**Directions**
Copy out every line of the data where the word "Sleeve" is found.

**Material for this task**
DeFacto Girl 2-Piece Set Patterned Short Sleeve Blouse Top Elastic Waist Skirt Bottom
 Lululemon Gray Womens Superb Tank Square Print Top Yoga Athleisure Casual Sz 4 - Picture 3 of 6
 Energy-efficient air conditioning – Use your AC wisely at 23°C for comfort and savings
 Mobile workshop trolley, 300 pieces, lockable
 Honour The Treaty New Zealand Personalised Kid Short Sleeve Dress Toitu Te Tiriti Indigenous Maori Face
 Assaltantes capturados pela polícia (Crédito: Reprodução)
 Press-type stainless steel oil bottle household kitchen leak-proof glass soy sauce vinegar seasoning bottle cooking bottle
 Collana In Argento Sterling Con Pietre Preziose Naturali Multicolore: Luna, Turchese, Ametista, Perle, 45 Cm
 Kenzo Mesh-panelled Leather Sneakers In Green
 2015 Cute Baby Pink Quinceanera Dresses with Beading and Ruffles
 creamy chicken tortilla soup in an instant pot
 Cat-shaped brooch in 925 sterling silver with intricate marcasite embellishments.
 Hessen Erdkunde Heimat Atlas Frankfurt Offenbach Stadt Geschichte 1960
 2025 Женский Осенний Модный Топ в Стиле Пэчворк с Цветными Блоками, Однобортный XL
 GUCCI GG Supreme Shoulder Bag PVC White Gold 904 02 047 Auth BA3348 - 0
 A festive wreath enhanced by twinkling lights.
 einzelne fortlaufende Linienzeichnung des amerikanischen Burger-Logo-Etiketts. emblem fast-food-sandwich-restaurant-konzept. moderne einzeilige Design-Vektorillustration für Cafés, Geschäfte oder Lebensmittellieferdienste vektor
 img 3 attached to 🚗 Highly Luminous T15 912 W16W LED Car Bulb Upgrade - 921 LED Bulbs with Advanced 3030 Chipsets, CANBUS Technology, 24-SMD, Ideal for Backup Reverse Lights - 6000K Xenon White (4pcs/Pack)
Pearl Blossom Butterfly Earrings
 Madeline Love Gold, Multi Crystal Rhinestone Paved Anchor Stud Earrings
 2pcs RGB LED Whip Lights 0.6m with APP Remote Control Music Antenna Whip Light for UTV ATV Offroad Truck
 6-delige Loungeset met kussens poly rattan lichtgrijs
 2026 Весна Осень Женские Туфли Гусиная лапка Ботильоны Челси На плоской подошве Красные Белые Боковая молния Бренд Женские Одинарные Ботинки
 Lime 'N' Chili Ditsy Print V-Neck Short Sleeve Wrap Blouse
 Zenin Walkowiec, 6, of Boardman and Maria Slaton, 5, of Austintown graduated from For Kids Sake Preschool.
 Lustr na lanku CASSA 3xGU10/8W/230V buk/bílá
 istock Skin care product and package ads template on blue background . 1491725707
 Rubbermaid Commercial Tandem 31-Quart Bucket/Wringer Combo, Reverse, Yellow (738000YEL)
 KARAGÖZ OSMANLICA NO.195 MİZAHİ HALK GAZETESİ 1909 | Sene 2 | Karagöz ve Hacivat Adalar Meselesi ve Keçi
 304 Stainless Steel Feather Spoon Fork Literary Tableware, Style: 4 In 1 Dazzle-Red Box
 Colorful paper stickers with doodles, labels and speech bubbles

**Response area**
DeFacto Girl 2-Piece Set Patterned Short Sleeve Blouse Top Elastic Waist Skirt Bottom
 Honour The Treaty New Zealand Personalised Kid Short Sleeve Dress Toitu Te Tiriti Indigenous Maori Face
 Lime 'N' Chili Ditsy Print V-Neck Short Sleeve Wrap Blouse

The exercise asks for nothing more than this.